According to the press release announcing the campaign, the Business Council has three primary concerns: 

  • Higher energy prices whose impacts would ripple through the state’s economy
  • Reduced reliability of the state’s energy grid that would affect homes, institutions, and businesses
  • Adverse impacts on the state’s overall economic climate that may discourage new investments and job growth

In response, Liz Moran, the New York policy advocate for Earthjustice, sent the following statement to Capital Tonight:

“The Business Council is acting against its own interest by trying to delay climate progress. Only three days after they announced their million-dollar ad campaign, New York City flooded, yet again. Instead of fighting the progress we desperately need, we need to pass strong climate policy like the NY HEAT Act and Green Transit Green Jobs. This will invigorate our economy, create new jobs, save New Yorkers money, and prevent future suffering.”

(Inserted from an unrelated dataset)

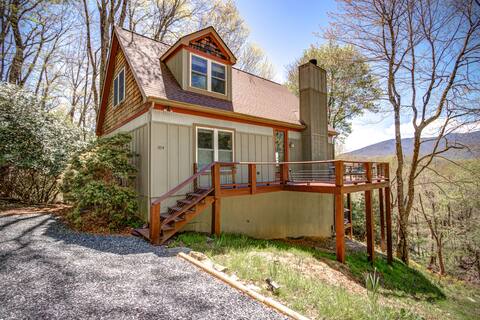 S'More To Love! Hot Tub, Pool Table, Views, & More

Zuber disagreed with Moran’s assertions.

“My response is that this campaign is about educating the public about the cost and the issues surrounding the CLCPA. That’s all it’s about,” he said. 

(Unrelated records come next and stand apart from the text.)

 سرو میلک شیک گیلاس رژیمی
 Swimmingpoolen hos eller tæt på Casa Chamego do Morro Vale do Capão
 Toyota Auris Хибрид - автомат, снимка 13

Zuber cited a “perfect example” of why the campaign is needed: Gov. Kathy Hochul’s decision to try to recalculate the greenhouse gas emission methodology during budget negotiations.

“Her own advisers said that it was going to increase gas and energy prices,” Zuber said. 

But Robert W. Howarth, Ph.D., the David R. Atkinson professor of ecology and environmental biology at Cornell University and a member of the Climate Action Council, told Capital Tonight that the Scoping Plan to implement the CLCPA will lead to precisely the outcomes the Business Council should be hoping for: 

  • Less volatile, more predictable, and lower energy prices
  • Greater grid reliability and resilience in energy systems
  • Improved public health
  • An increase in quality jobs, which will be a great boon to the economy and citizens of the state of New York

“The faster we work to implement the plan, the better in terms of all of these issues. The costs of inaction far exceed the costs of making these changes,” Howarth said. 

But regarding reliability, Zuber points to a report by the New York Independent System Operator (NYISO) which predicts that if more renewables don’t come online before fossil fuel power plants are decommissioned, there could be an electricity reliability issue in the New York City area by 2025.

“We believe that there’s a way to kind of do this that will foster the growth of renewables, will allow other forms of energy be utilized, and we also think it’s important that somebody has to start talking to the public about the issues surrounding the CLCPA,” Zuber said.